» **Task**
Only the pictures are to be left out, and the rest of the entries should be reproduced exactly.

● ● ● ●

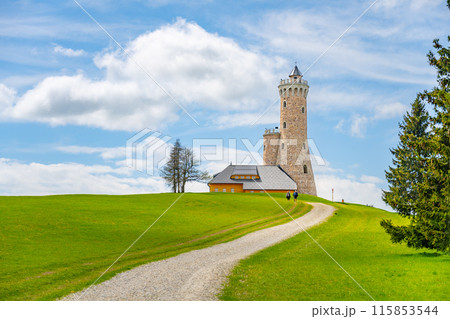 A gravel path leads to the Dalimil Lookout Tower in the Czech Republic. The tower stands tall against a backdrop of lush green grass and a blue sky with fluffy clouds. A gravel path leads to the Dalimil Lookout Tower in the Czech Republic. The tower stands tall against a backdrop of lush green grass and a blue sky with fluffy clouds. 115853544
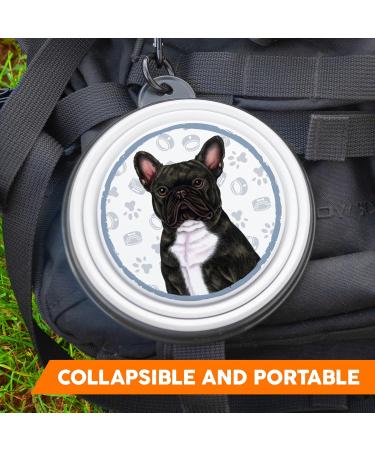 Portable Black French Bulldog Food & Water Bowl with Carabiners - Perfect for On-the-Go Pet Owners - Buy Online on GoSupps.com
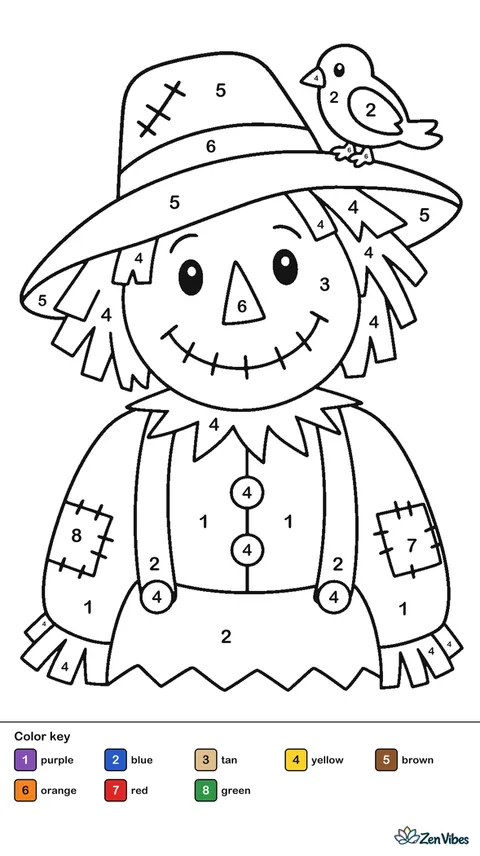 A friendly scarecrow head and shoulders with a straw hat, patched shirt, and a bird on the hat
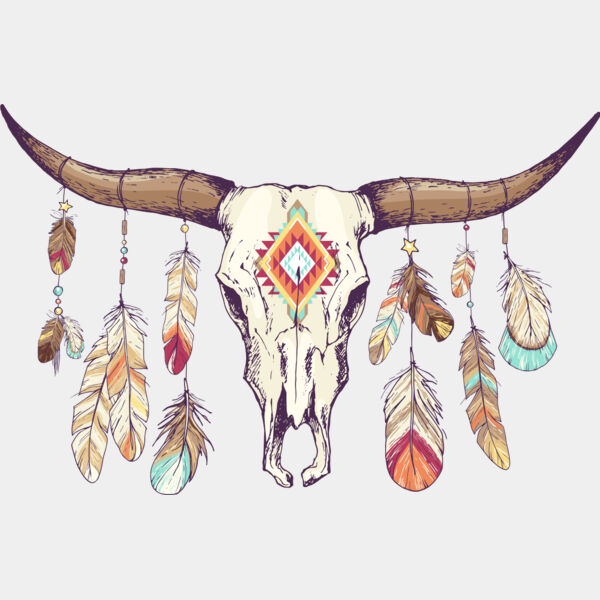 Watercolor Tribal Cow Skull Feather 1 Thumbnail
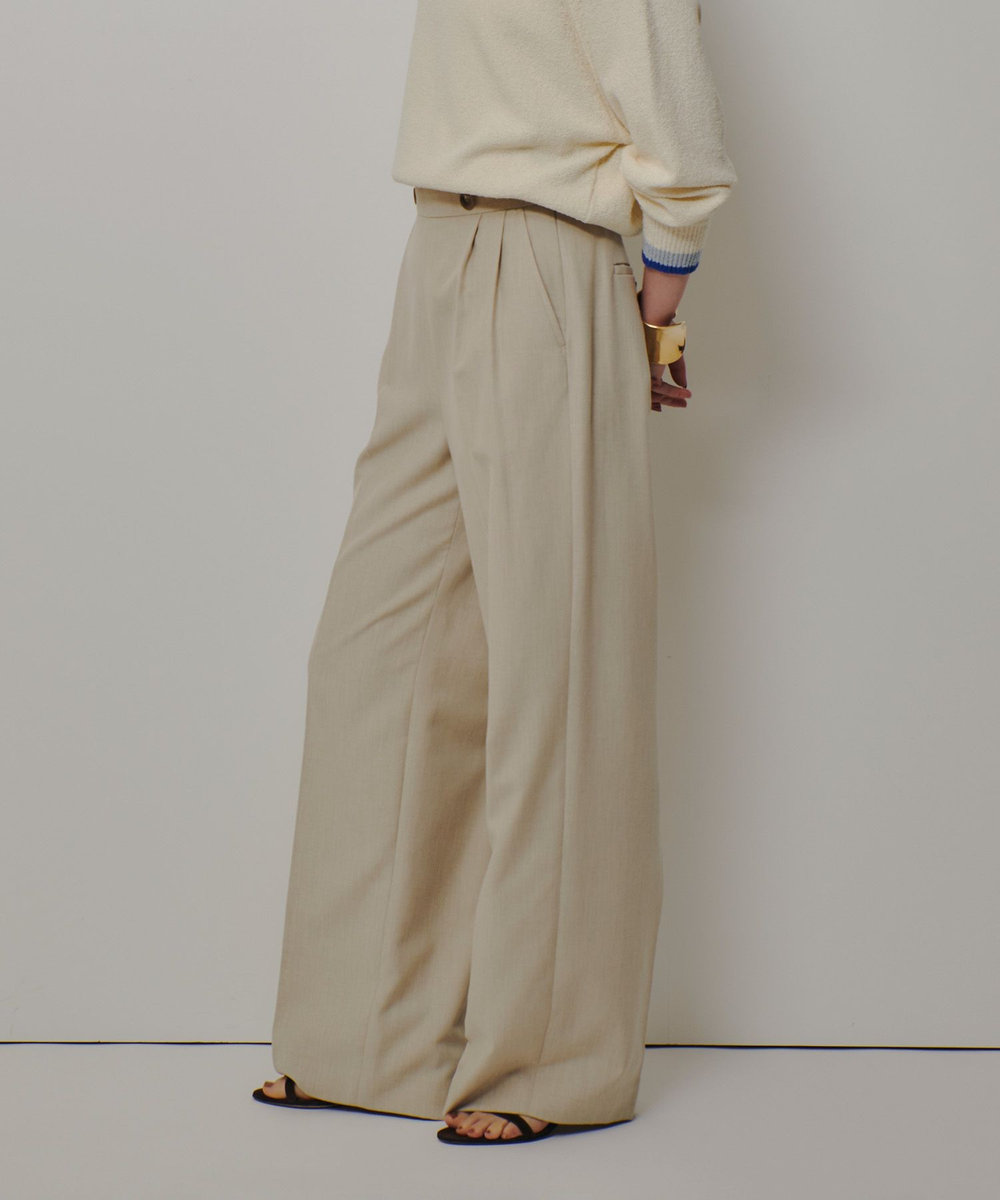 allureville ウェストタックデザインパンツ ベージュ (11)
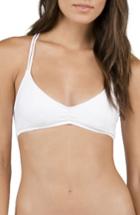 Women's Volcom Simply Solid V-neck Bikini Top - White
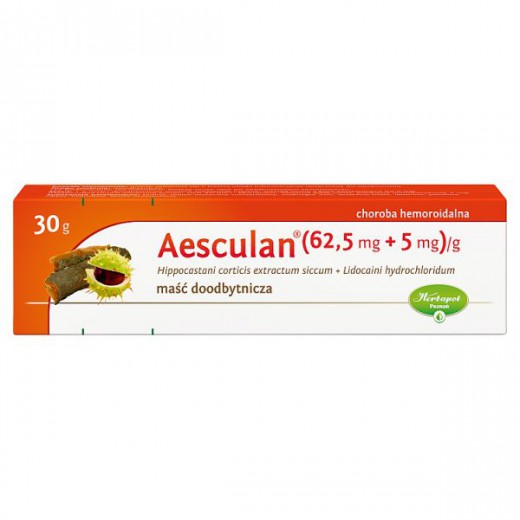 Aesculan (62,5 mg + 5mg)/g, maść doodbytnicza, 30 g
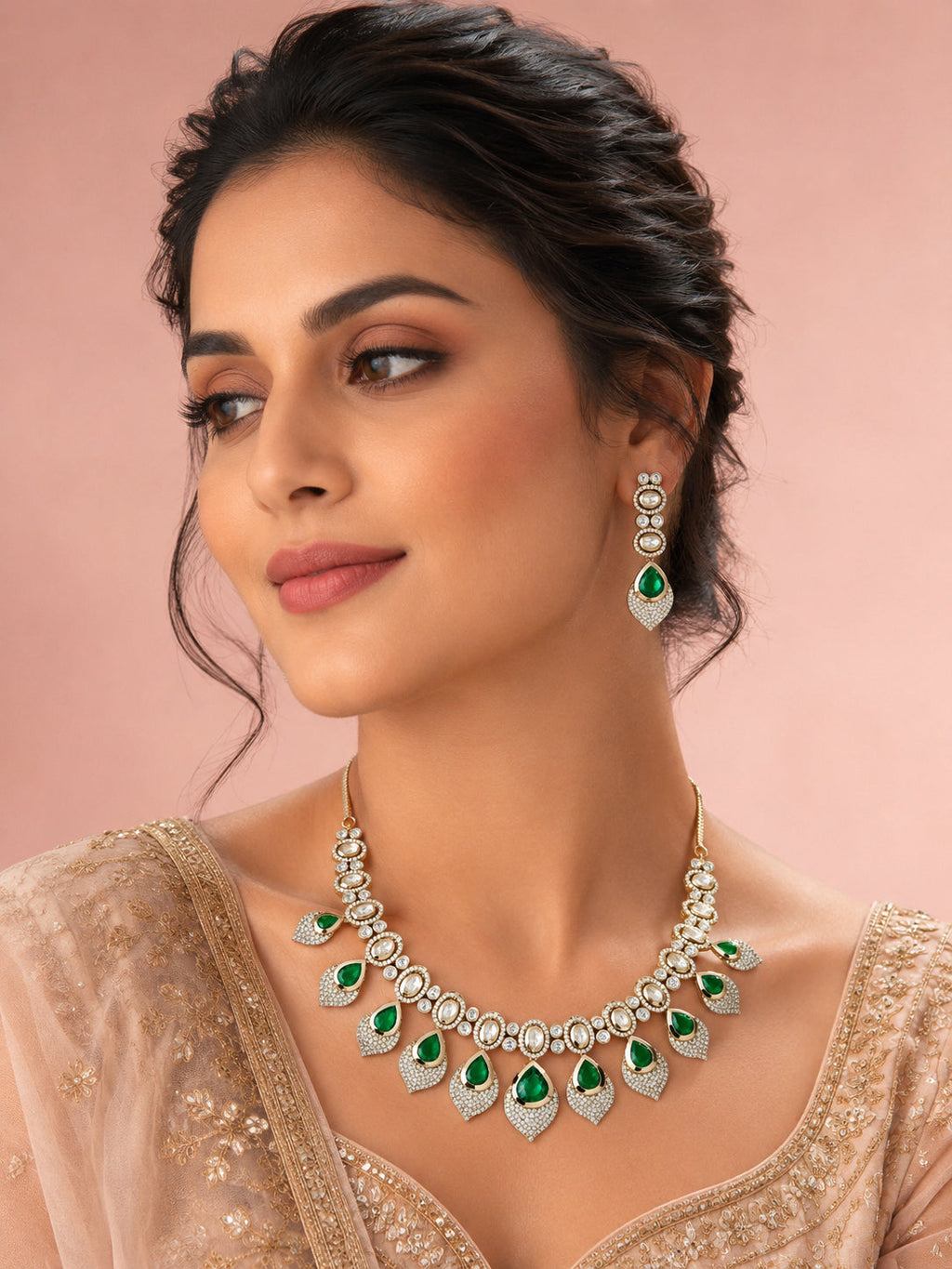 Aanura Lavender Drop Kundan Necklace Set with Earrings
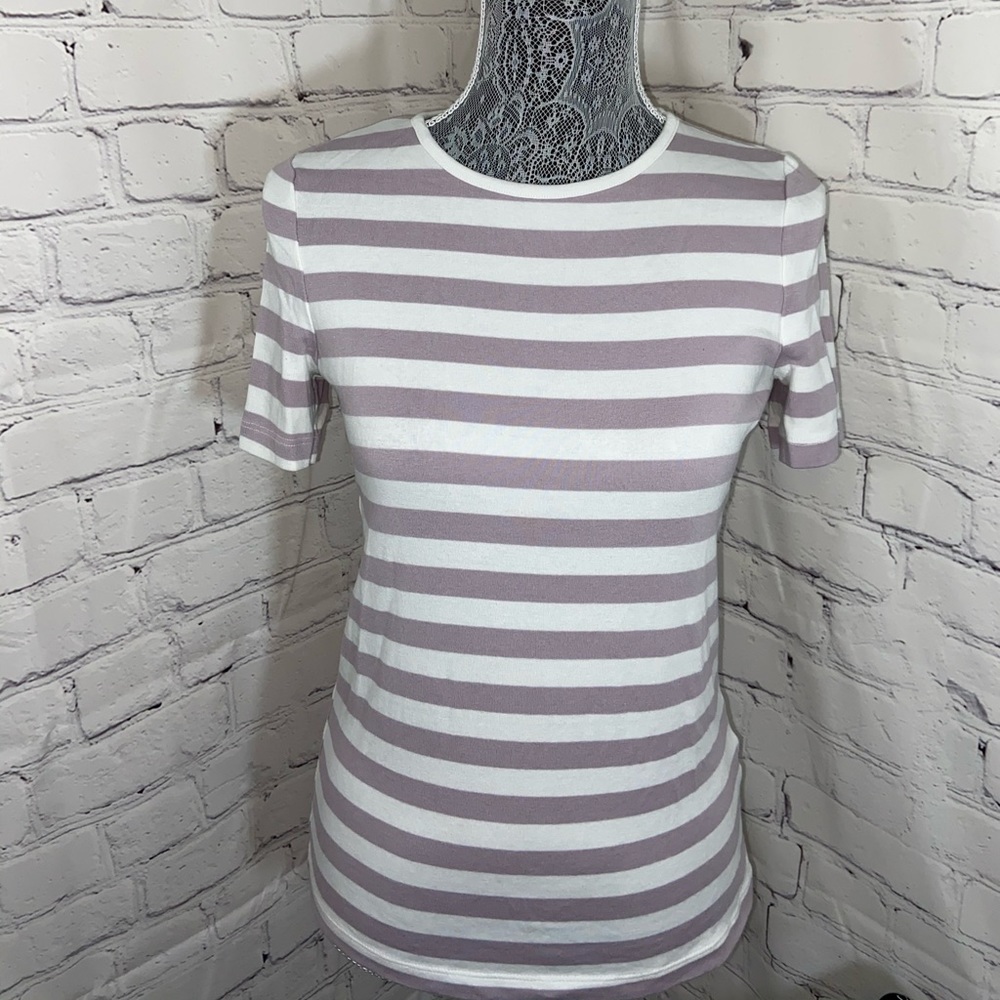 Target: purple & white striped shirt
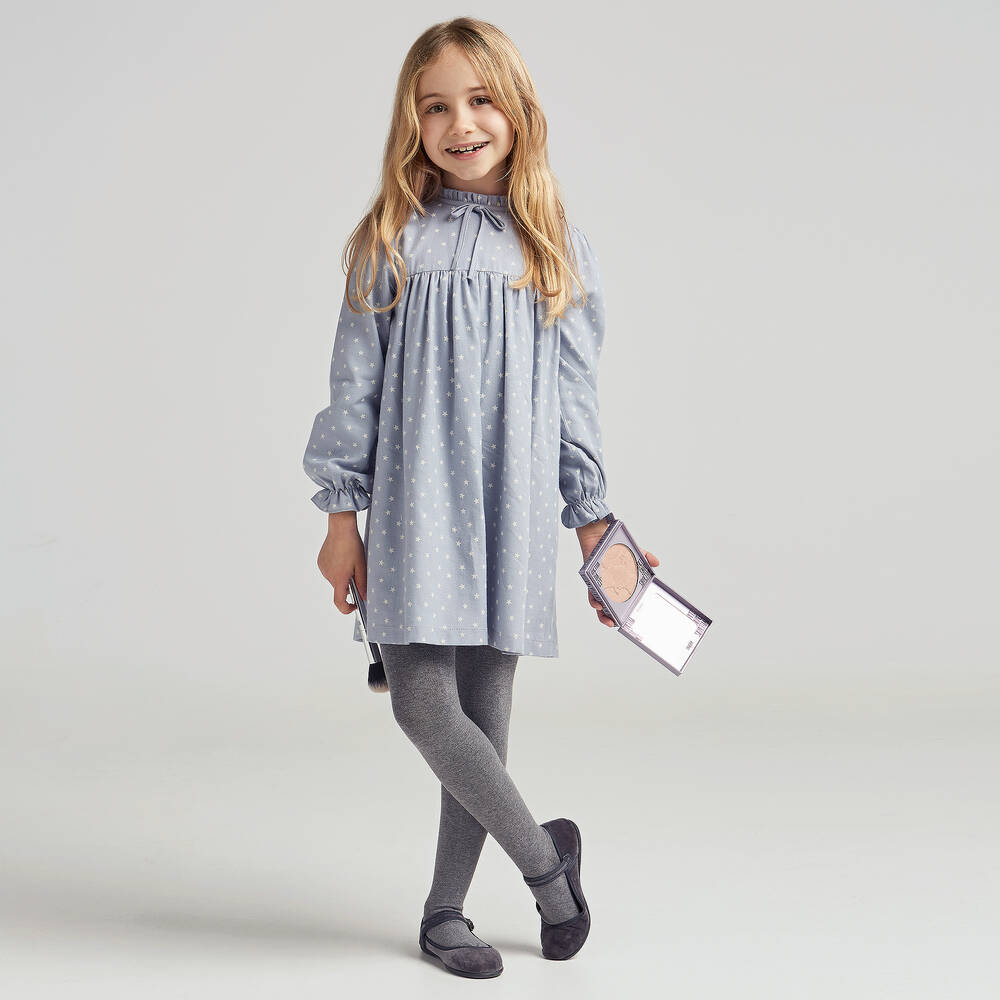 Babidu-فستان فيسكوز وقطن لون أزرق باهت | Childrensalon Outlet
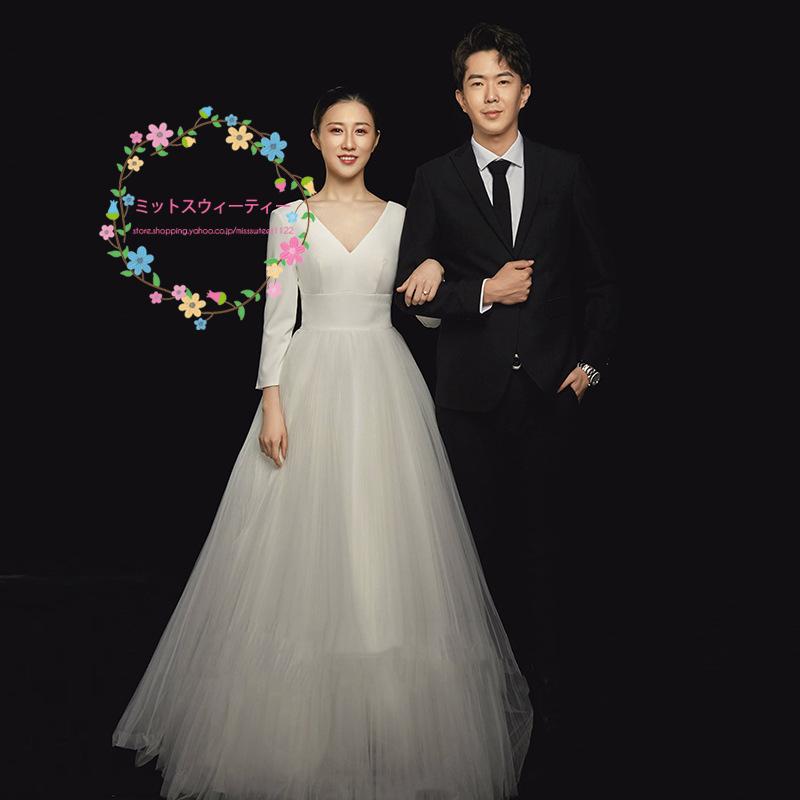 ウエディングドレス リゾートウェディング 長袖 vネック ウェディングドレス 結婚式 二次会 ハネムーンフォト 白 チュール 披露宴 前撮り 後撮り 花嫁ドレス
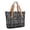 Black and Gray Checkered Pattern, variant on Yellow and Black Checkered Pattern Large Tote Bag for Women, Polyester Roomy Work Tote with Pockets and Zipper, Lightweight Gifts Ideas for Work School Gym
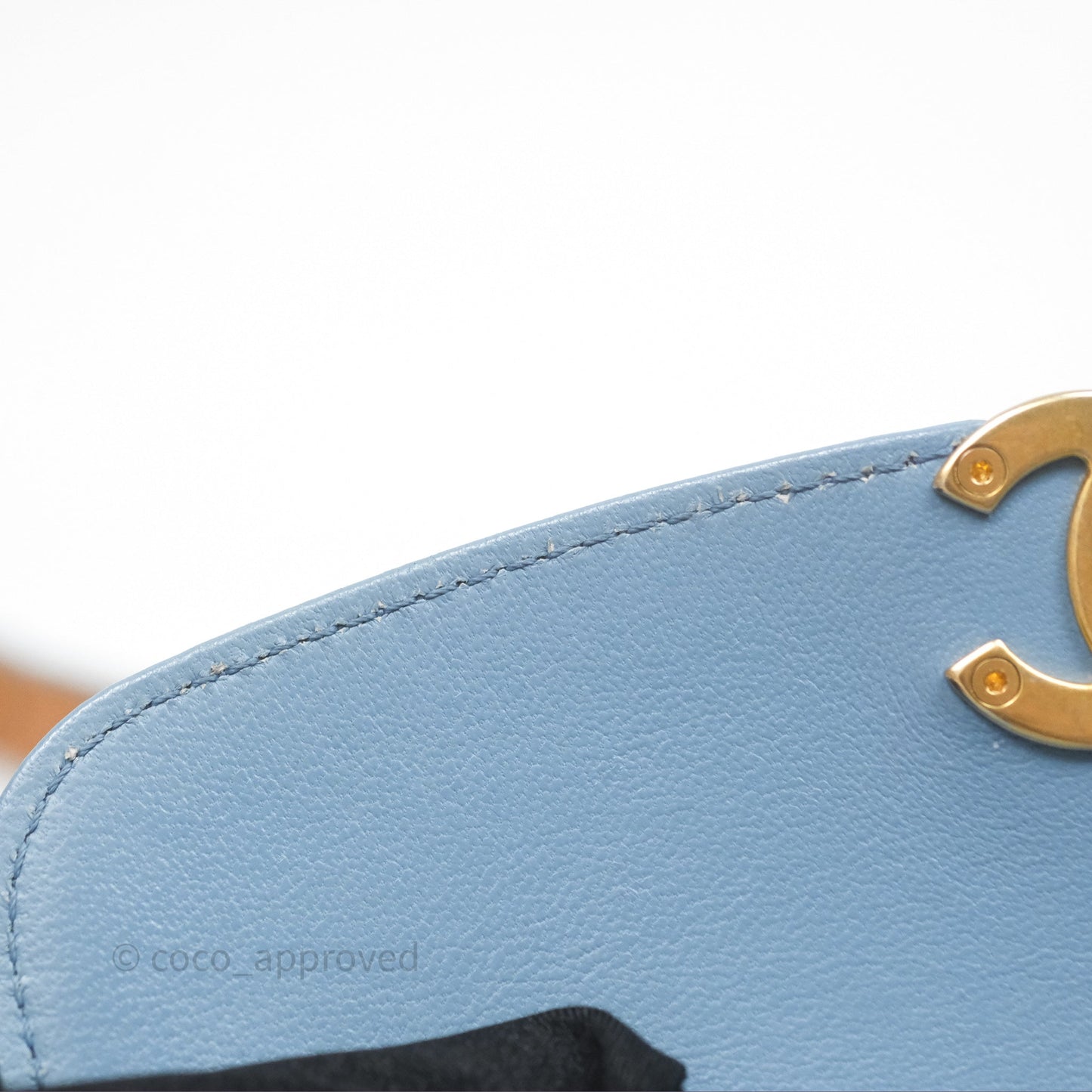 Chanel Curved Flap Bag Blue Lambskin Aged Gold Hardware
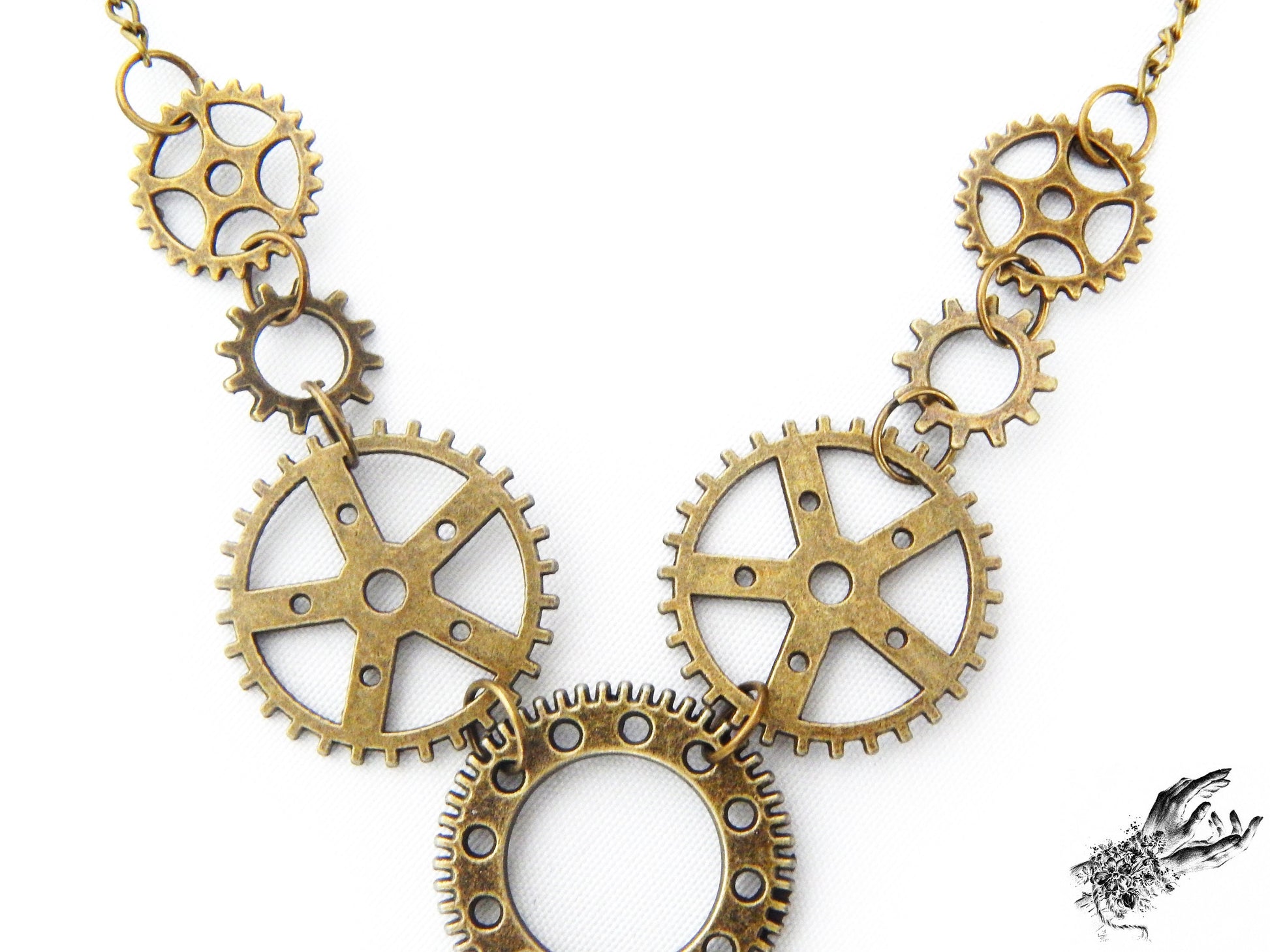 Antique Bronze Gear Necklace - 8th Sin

● ● ● ●

» **Answer**
 A gravel path leads to the Dalimil Lookout Tower in the Czech Republic. The tower stands tall against a backdrop of lush green grass and a blue sky with fluffy clouds. A gravel path leads to the Dalimil Lookout Tower in the Czech Republic. The tower stands tall against a backdrop of lush green grass and a blue sky with fluffy clouds. 115853544
 Portable Black French Bulldog Food & Water Bowl with Carabiners - Perfect for On-the-Go Pet Owners - Buy Online on GoSupps.com
 A friendly scarecrow head and shoulders with a straw hat, patched shirt, and a bird on the hat
 Watercolor Tribal Cow Skull Feather 1 Thumbnail
 allureville ウェストタックデザインパンツ ベージュ (11)
 Women's Volcom Simply Solid V-neck Bikini Top - White
 Aesculan (62,5 mg + 5mg)/g, maść doodbytnicza, 30 g
 Aanura Lavender Drop Kundan Necklace Set with Earrings
 Target: purple & white striped shirt
 Babidu-فستان فيسكوز وقطن لون أزرق باهت | Childrensalon Outlet
 ウエディングドレス リゾートウェディング 長袖 vネック ウェディングドレス 結婚式 二次会 ハネムーンフォト 白 チュール 披露宴 前撮り 後撮り 花嫁ドレス
 Black and Gray Checkered Pattern, variant on Yellow and Black Checkered Pattern Large Tote Bag for Women, Polyester Roomy Work Tote with Pockets and Zipper, Lightweight Gifts Ideas for Work School Gym
 Chanel Curved Flap Bag Blue Lambskin Aged Gold Hardware
 Antique Bronze Gear Necklace - 8th Sin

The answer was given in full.